PROMPT
In the entries below, find the line with "Rev makes very, very" and the line with "Luckily I have". Reproduce those two lines and every line between them exactly, and nothing more.

DATA FOR THE TASK
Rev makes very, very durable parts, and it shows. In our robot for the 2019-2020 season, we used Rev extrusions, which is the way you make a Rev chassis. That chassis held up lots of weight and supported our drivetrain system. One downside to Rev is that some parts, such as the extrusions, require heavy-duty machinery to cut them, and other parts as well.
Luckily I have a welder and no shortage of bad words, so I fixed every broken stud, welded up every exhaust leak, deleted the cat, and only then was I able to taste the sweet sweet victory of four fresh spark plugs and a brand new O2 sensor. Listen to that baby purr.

---

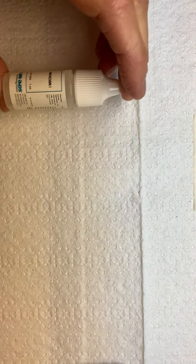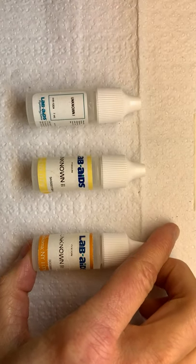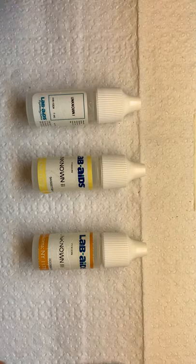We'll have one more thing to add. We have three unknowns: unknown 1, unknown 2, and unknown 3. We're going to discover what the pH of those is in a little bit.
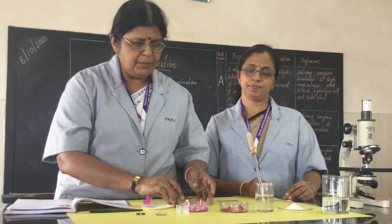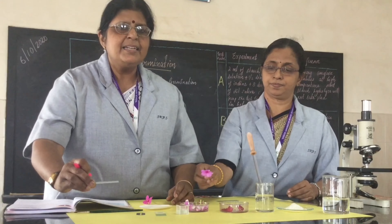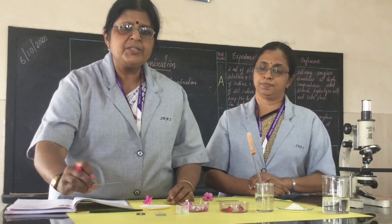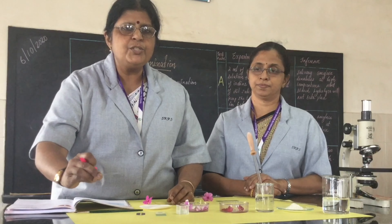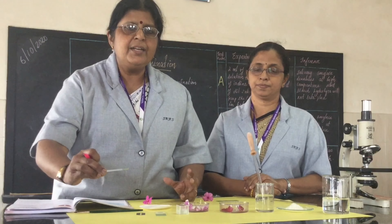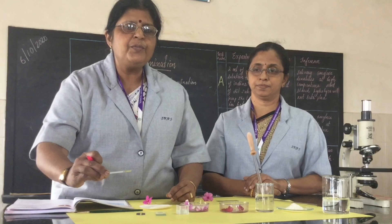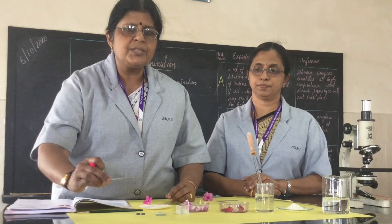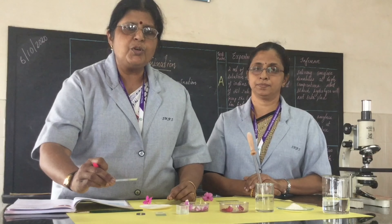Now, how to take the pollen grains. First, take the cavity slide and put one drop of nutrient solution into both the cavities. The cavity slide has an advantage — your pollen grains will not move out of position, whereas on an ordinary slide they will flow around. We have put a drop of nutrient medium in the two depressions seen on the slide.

SOLUTION
Rev makes very, very durable parts, and it shows. In our robot for the 2019-2020 season, we used Rev extrusions, which is the way you make a Rev chassis. That chassis held up lots of weight and supported our drivetrain system. One downside to Rev is that some parts, such as the extrusions, require heavy-duty machinery to cut them, and other parts as well.
Luckily I have a welder and no shortage of bad words, so I fixed every broken stud, welded up every exhaust leak, deleted the cat, and only then was I able to taste the sweet sweet victory of four fresh spark plugs and a brand new O2 sensor. Listen to that baby purr.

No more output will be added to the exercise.